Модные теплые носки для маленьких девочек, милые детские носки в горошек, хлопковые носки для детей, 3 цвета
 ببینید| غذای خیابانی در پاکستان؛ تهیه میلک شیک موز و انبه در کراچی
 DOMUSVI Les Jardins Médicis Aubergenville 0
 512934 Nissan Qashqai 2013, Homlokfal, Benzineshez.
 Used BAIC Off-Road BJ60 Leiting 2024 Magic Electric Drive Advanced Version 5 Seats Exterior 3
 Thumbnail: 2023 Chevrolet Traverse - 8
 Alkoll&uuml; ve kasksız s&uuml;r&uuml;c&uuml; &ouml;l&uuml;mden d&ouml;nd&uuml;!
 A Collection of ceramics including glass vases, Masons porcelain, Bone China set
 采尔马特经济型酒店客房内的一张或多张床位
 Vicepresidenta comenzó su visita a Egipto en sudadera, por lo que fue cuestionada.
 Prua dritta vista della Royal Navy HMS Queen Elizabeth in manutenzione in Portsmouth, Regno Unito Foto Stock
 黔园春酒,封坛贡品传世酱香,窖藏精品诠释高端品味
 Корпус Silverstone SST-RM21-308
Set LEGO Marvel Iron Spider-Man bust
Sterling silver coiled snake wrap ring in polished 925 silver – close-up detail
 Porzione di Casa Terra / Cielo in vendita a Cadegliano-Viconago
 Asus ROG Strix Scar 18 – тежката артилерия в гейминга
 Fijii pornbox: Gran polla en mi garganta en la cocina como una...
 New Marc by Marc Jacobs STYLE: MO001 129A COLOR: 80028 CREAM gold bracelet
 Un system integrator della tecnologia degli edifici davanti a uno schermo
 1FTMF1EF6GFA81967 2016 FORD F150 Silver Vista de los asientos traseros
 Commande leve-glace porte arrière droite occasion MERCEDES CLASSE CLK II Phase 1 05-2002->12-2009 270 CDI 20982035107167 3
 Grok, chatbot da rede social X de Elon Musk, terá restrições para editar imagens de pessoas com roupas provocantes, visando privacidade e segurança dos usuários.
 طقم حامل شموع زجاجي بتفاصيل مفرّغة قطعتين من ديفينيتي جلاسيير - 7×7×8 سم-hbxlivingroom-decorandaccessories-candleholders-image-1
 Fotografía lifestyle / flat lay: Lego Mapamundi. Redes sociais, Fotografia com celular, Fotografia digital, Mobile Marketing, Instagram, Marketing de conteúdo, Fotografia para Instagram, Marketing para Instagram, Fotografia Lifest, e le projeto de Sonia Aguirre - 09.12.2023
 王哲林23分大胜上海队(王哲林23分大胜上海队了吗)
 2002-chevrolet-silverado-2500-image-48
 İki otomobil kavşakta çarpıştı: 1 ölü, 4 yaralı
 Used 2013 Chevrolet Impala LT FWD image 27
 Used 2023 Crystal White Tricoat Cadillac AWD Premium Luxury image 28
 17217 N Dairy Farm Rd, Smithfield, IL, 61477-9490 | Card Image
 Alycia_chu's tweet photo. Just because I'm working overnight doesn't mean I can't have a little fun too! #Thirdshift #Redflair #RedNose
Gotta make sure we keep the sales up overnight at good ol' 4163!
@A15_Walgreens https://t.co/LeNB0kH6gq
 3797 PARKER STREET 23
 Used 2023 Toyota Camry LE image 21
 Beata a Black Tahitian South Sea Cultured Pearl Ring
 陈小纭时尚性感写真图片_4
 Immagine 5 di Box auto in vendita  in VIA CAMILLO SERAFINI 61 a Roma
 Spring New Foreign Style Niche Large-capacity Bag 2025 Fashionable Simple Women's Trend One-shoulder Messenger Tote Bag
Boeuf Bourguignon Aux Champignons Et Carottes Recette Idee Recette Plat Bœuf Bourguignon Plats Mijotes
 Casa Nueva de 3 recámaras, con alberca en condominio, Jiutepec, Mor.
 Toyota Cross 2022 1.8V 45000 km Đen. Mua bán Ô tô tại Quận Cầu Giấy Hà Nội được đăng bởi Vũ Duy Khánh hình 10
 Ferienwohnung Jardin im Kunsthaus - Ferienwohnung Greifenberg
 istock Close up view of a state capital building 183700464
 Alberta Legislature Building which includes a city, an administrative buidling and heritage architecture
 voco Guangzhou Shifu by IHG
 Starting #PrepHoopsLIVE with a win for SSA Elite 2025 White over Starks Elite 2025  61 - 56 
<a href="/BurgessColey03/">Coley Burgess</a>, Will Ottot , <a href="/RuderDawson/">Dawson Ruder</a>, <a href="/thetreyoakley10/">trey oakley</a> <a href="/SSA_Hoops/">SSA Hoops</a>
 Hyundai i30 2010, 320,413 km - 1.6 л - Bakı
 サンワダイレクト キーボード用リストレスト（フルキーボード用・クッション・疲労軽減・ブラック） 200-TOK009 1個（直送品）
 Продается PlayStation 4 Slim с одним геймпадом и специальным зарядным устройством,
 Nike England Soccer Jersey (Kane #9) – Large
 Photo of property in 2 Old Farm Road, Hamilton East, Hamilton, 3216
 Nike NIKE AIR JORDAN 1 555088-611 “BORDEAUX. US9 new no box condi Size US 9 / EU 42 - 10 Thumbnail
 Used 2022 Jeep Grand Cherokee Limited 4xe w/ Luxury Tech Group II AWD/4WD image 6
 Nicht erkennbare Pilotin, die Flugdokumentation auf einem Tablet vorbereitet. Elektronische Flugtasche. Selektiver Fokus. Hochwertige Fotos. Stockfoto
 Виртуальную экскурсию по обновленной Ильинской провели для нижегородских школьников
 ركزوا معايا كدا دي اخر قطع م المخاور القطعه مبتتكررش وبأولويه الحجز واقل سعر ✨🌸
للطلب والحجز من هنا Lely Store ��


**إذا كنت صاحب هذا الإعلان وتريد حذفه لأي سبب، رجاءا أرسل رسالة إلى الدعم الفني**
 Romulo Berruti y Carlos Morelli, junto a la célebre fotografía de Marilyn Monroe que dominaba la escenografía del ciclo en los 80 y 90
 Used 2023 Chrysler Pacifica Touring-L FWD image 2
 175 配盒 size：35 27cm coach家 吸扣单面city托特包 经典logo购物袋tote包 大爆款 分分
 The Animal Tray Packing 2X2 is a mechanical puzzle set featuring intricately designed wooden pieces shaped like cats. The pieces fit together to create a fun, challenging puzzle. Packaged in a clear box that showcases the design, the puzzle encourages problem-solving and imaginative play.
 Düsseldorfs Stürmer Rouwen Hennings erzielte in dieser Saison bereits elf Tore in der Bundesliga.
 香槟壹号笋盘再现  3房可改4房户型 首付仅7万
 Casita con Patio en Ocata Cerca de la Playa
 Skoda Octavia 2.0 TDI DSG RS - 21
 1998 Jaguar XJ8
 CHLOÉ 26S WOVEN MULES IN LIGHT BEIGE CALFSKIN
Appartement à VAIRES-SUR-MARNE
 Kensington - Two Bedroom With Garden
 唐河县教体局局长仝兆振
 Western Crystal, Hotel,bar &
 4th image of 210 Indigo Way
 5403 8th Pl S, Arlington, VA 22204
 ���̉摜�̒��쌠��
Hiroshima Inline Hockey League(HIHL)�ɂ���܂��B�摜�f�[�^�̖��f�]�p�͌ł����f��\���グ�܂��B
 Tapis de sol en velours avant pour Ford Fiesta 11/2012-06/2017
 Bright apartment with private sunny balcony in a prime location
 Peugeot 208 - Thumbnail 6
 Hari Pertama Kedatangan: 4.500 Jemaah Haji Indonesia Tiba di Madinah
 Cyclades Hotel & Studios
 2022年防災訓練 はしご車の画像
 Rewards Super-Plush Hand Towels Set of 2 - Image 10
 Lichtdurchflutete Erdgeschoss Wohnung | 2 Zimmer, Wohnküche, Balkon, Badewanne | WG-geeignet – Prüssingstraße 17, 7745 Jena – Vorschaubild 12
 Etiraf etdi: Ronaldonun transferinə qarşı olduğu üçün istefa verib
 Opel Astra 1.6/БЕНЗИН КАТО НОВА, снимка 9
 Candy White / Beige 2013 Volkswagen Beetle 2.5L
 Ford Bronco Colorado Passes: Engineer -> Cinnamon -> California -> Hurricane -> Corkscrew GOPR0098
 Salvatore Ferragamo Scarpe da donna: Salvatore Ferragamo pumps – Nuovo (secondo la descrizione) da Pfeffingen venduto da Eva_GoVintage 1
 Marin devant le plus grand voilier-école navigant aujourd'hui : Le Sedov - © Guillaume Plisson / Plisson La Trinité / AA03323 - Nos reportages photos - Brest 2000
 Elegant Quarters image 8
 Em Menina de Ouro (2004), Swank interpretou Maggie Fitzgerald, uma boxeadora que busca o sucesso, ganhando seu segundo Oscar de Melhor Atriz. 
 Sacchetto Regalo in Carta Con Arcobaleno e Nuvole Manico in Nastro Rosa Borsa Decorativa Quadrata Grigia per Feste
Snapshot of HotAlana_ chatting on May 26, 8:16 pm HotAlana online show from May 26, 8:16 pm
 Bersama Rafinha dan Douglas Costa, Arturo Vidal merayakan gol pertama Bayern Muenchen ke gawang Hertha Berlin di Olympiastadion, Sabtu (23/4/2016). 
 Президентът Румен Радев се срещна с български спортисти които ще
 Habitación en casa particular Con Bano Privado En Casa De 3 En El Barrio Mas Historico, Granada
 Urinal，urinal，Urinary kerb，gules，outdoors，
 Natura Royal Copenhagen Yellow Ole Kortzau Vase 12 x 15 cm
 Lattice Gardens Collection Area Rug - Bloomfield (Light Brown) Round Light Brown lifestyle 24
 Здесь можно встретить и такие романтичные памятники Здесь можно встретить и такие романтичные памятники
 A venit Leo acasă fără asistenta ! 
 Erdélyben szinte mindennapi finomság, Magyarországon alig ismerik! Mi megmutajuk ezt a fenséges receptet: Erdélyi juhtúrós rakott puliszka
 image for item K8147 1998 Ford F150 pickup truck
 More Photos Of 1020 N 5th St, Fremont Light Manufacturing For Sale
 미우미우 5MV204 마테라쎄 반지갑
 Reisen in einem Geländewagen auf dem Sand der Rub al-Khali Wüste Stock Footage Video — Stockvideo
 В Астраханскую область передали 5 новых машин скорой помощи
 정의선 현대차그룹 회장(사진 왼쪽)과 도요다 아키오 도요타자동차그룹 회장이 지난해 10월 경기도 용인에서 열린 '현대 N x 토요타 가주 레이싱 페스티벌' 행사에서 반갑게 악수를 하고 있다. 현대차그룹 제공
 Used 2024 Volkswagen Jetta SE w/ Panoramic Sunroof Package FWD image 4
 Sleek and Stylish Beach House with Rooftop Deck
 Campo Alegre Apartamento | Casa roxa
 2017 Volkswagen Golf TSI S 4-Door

*ACTION ITEM:*
Scan the data above for the word "Farm" and report every line where it is found.

*RESULT:*
 17217 N Dairy Farm Rd, Smithfield, IL, 61477-9490 | Card Image
 Photo of property in 2 Old Farm Road, Hamilton East, Hamilton, 3216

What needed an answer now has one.